Token on a grid

Throughout this solution, $p_{i,j}$ will represent the probability that the token was originally placed in the square in the $i^{th}$ column and $j^{th}$ row of the chessboard. Because we are looking at a $2\times100$ chessboard, $i\in\{1,2,3,...,100\},j\in\{1,2\}$ .

We begin by finding the probability that the token was originally placed in each square. To do this, we must use the fact that the probability that the token is in a given square before the move is the same as the probability that it's in that square after the move. Because Brilli picks a square to move the token to uniformly at random from the squares surrounding the original square, the token has probability $\frac{1}{5}$ to move to any of its surrounding squares, unless the original square is in column $1$ or column $100$ , in which case that probability is $\frac{1}{3}$ . Thus, it must be the case that $p_{i,j}$ is the sum of $\frac{1}{5}$ (or $\frac{1}{3}$ , in a few cases concerning the edge columns) times the probabilities that the token was originally placed in each of the surrounding squares.

For ease of writing, let $p_{1,1}=a$ and $p_{1,2}=b$ . From the observation above, we have $a = \frac{1}{3}b + \frac{1}{5}p_{2,1} + \frac{1}{5}p_{2,2}$ and $b = \frac{1}{3}a + \frac{1}{5}p_{2,1} + \frac{1}{5}p_{2,2}$ . Subtracting the second equation from the first yields $a - b = \frac{1}{3}(b-a) \to a - b = 0 \to a = b$ . This fact may have been obvious from the symmetry present in the problem, but it is good to ensure that it is, indeed, true.

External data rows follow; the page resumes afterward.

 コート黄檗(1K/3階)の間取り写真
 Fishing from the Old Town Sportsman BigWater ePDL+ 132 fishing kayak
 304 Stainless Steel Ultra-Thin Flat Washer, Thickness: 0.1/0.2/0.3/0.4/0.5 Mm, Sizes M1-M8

We see that $p_{2,1} = \frac{1}{3}a + \frac{1}{3}b + \frac{1}{5}(p_{2,2} + p_{3,1} + p_{3,2})$ and $p_{2,2} = \frac{1}{3}a + \frac{1}{3}b + \frac{1}{5}(p_{2,1} + p_{3,1} + p_{3,2})$ . From these two equations we can show that $p_{2,1} = p_{2,2}$ . Using similar equations and manipulations, it can be easily shown that this applies to all columns. That is, $\forall{i}\in\{1,2,3,...,100\}, p_{i,1} = p_{i,2}$ .

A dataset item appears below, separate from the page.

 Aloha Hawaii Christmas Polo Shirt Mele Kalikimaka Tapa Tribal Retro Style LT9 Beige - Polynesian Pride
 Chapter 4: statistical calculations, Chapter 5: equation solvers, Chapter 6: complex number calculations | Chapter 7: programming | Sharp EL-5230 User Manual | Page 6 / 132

We now take another look at $a = \frac{1}{3}b + \frac{1}{5}p_{2,1} + \frac{1}{5}p_{2,2}$ . Using the facts from above, we turn this into $a = \frac{1}{3}a + \frac{2}{5}p_{2,1} \to p_{2,1} = \frac{5}{3}a$ . Plugging this into $p_{2,1} = \frac{1}{3}a + \frac{1}{3}b + \frac{1}{5}(p_{2,2} + p_{3,1} + p_{3,2})$ gives $\frac{5}{3}a = \frac{2}{3}a + \frac{1}{5}\cdot\frac{5}{3}a + \frac{2}{5}p_{3,1} \to p_{3,1} = \frac{5}{3}a = p_{2,1}$ . Continuing this process of using $p_{i,1}$ to find $p_{i+1,1}$ (which, we remind ourselves, is the same as $p_{i+1,2}$ ) gives us that $p_{1,1} = p_{1,2} = p_{100,1} = p_{100,2} = a$ and $p_{2,1} = p_{2,2} = p_{3,1} = p_{3,2} =...= p_{99,1} = p_{99,2} = \frac{5}{3}a$ .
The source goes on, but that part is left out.